• [YOUR ASSIGNMENT]:
Each record should appear again in the response exactly as it does in the original.

Web page caption snippets
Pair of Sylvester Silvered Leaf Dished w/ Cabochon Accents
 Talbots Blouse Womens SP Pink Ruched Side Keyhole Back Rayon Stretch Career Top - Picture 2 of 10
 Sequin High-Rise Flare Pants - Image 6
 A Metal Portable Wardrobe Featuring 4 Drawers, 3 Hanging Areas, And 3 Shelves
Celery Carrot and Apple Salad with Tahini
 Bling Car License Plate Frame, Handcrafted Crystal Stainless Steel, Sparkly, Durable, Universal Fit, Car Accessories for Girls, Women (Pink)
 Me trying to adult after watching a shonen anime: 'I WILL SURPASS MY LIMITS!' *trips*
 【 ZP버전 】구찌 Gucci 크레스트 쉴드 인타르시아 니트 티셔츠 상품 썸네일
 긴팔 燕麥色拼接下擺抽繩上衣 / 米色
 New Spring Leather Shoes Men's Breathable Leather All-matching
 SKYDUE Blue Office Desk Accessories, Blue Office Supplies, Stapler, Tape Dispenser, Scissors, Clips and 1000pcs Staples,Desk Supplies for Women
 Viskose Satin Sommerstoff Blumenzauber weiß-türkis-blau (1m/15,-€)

• [ANSWER BELOW]:
Pair of Sylvester Silvered Leaf Dished w/ Cabochon Accents
 Talbots Blouse Womens SP Pink Ruched Side Keyhole Back Rayon Stretch Career Top - Picture 2 of 10
 Sequin High-Rise Flare Pants - Image 6
 A Metal Portable Wardrobe Featuring 4 Drawers, 3 Hanging Areas, And 3 Shelves
Celery Carrot and Apple Salad with Tahini
 Bling Car License Plate Frame, Handcrafted Crystal Stainless Steel, Sparkly, Durable, Universal Fit, Car Accessories for Girls, Women (Pink)
 Me trying to adult after watching a shonen anime: 'I WILL SURPASS MY LIMITS!' *trips*
 【 ZP버전 】구찌 Gucci 크레스트 쉴드 인타르시아 니트 티셔츠 상품 썸네일
 긴팔 燕麥色拼接下擺抽繩上衣 / 米色
 New Spring Leather Shoes Men's Breathable Leather All-matching
 SKYDUE Blue Office Desk Accessories, Blue Office Supplies, Stapler, Tape Dispenser, Scissors, Clips and 1000pcs Staples,Desk Supplies for Women
 Viskose Satin Sommerstoff Blumenzauber weiß-türkis-blau (1m/15,-€)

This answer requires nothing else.